***** Extracted information *****
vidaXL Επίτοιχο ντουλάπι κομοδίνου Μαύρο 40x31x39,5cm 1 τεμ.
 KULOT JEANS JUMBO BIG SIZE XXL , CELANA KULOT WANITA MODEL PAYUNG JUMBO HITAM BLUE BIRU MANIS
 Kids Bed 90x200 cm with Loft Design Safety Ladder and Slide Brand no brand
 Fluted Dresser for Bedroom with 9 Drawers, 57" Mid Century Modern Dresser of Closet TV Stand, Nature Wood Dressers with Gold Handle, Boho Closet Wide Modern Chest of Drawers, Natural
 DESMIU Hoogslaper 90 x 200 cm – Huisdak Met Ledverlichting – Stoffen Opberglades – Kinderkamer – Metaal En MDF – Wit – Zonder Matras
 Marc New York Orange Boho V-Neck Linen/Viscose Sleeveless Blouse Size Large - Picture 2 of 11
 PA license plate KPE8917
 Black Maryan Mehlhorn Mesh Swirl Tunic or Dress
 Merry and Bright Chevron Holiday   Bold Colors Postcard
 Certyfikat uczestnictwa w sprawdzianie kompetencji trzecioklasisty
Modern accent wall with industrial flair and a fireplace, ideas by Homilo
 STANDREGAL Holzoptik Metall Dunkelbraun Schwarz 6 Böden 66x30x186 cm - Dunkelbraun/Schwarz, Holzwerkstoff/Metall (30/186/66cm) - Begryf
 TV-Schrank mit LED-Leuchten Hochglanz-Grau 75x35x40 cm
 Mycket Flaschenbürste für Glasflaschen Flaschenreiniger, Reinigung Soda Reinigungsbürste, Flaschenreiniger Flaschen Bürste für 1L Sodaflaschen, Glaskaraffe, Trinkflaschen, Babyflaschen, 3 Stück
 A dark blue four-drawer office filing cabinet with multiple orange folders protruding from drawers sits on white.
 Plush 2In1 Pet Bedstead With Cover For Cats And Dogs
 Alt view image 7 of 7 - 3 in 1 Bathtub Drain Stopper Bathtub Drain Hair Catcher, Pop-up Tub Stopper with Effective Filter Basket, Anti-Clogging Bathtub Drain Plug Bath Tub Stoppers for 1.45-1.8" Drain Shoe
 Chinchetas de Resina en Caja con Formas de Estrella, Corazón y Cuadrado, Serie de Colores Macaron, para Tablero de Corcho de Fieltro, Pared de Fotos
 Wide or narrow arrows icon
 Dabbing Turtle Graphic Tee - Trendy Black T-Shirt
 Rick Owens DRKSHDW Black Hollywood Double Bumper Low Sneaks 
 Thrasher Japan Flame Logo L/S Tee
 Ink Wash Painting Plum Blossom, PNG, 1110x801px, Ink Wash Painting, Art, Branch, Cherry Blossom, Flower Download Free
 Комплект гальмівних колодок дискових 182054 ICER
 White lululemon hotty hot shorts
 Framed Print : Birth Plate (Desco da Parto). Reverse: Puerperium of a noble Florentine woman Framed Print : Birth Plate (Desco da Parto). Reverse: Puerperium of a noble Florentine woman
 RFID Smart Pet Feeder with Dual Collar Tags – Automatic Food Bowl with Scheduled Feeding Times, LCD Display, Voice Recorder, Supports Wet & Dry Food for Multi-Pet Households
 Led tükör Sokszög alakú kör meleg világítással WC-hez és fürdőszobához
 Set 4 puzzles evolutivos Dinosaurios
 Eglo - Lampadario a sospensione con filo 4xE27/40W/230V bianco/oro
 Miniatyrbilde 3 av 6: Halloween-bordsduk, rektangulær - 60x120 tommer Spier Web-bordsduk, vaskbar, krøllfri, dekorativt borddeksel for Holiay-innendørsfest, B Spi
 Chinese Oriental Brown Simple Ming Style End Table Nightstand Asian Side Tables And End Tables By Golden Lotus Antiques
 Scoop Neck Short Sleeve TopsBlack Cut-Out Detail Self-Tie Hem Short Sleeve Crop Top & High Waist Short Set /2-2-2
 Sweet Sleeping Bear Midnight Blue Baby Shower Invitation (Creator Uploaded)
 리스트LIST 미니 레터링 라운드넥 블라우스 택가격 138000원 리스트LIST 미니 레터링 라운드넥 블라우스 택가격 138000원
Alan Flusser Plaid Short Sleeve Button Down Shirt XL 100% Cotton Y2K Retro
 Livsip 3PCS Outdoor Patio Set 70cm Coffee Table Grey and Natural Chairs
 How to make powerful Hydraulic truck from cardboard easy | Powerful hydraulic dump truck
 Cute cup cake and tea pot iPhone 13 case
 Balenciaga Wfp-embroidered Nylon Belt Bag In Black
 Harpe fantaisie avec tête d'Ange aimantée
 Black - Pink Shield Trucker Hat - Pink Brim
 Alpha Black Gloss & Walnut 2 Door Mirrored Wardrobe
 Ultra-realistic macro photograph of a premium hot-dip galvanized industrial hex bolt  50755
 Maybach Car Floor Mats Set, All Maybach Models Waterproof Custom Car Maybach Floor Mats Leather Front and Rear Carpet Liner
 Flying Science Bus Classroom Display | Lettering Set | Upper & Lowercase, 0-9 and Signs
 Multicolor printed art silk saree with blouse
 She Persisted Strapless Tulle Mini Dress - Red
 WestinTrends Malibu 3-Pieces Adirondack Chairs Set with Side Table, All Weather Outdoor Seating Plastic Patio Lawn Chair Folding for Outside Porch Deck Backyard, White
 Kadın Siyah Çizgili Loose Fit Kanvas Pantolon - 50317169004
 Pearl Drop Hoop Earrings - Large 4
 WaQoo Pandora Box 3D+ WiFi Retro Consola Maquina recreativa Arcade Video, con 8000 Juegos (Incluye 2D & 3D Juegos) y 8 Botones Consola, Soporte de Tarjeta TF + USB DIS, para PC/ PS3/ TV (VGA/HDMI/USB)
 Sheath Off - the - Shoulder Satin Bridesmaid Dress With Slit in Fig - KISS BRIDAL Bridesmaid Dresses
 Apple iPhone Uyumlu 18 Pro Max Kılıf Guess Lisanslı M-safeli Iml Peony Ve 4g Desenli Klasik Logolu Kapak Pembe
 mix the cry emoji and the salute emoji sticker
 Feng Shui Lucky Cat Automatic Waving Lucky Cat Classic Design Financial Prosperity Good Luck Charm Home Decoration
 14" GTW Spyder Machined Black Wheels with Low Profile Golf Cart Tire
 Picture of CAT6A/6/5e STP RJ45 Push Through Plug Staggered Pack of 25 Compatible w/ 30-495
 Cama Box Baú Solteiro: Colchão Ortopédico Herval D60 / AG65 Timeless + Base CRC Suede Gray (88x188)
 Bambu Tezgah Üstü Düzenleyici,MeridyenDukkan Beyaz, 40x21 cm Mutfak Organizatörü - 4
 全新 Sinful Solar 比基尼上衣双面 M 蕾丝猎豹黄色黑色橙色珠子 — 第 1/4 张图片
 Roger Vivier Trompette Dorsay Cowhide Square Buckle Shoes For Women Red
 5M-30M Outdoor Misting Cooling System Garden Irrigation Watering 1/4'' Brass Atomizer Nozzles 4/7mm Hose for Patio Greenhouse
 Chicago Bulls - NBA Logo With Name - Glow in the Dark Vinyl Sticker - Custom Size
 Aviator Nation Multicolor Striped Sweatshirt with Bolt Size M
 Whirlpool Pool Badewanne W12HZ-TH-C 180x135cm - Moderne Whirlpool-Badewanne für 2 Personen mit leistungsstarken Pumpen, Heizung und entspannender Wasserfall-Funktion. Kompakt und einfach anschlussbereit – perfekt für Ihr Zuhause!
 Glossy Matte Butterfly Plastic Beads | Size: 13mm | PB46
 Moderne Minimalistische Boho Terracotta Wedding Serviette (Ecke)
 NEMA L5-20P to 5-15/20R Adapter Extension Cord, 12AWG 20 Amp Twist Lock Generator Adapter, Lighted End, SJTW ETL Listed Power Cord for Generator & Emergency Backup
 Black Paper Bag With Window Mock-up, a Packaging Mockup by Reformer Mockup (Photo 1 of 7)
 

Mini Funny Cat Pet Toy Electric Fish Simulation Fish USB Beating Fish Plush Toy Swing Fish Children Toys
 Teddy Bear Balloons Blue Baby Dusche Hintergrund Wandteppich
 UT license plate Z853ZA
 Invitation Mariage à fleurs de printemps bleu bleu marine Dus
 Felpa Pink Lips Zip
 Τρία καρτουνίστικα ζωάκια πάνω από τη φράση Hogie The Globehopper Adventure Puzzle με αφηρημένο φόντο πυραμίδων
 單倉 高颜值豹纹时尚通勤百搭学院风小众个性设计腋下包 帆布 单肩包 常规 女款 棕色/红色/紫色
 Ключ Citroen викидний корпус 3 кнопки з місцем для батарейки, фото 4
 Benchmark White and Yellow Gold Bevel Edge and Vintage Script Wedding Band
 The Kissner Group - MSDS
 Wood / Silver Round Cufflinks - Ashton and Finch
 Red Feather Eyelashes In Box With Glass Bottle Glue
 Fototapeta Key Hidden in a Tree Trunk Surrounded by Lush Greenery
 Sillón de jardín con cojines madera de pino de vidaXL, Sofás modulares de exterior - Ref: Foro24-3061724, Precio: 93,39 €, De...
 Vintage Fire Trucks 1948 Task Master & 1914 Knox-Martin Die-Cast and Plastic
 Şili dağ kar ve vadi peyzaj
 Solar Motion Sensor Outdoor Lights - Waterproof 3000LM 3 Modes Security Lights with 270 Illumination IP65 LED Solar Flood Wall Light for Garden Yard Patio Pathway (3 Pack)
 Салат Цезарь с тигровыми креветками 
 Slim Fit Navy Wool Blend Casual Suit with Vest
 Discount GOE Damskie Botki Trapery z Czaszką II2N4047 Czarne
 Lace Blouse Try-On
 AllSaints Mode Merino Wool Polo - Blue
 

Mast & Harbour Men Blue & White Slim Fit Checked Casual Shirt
*****
- Description of the task -
Whenever "Boho" occurs in a line above, copy that line.

- Your solution -
 Fluted Dresser for Bedroom with 9 Drawers, 57" Mid Century Modern Dresser of Closet TV Stand, Nature Wood Dressers with Gold Handle, Boho Closet Wide Modern Chest of Drawers, Natural
 Marc New York Orange Boho V-Neck Linen/Viscose Sleeveless Blouse Size Large - Picture 2 of 11
 Moderne Minimalistische Boho Terracotta Wedding Serviette (Ecke)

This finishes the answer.